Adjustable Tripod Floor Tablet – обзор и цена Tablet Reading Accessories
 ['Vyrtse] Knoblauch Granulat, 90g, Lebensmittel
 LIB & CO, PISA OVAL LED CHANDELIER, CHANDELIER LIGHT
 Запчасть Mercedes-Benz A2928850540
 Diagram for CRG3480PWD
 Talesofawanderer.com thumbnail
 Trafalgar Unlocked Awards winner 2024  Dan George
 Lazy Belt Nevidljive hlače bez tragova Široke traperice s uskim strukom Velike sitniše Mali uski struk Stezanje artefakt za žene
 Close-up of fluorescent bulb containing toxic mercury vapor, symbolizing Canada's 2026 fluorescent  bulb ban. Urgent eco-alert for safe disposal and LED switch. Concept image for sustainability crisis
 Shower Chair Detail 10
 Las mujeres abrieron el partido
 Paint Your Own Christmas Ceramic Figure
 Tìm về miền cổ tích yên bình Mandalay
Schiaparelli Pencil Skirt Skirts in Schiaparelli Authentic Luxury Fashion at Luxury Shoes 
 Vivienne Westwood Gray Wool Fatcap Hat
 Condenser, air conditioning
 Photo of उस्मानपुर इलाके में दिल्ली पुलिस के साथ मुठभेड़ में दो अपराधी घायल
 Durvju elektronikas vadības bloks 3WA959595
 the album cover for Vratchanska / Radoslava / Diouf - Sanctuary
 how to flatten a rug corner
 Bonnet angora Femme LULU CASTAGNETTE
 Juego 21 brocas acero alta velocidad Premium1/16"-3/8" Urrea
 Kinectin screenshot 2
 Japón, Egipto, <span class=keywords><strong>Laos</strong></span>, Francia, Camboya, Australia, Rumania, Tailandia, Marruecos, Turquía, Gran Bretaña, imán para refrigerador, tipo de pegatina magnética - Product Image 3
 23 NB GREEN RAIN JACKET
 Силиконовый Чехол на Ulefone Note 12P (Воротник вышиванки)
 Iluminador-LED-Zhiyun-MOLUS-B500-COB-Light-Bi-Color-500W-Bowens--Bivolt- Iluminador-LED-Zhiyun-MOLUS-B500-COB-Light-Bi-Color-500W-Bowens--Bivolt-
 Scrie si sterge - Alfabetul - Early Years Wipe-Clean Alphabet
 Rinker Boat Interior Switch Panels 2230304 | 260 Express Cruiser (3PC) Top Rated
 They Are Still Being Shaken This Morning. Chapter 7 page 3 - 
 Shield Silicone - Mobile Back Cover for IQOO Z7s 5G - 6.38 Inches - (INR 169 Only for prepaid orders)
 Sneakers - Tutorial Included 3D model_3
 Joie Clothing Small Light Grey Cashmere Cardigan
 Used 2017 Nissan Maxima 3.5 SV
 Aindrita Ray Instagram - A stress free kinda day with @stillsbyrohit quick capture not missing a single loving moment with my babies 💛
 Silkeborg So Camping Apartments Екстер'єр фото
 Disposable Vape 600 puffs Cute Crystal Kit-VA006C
----------
**Problem statement:** Nothing beyond the line containing "Trafalgar Unlocked Awards" is to be output; the lines above, from the first one onward to that line, are to be transcribed exactly.

**Your response:**
Adjustable Tripod Floor Tablet – обзор и цена Tablet Reading Accessories
 ['Vyrtse] Knoblauch Granulat, 90g, Lebensmittel
 LIB & CO, PISA OVAL LED CHANDELIER, CHANDELIER LIGHT
 Запчасть Mercedes-Benz A2928850540
 Diagram for CRG3480PWD
 Talesofawanderer.com thumbnail
 Trafalgar Unlocked Awards winner 2024  Dan George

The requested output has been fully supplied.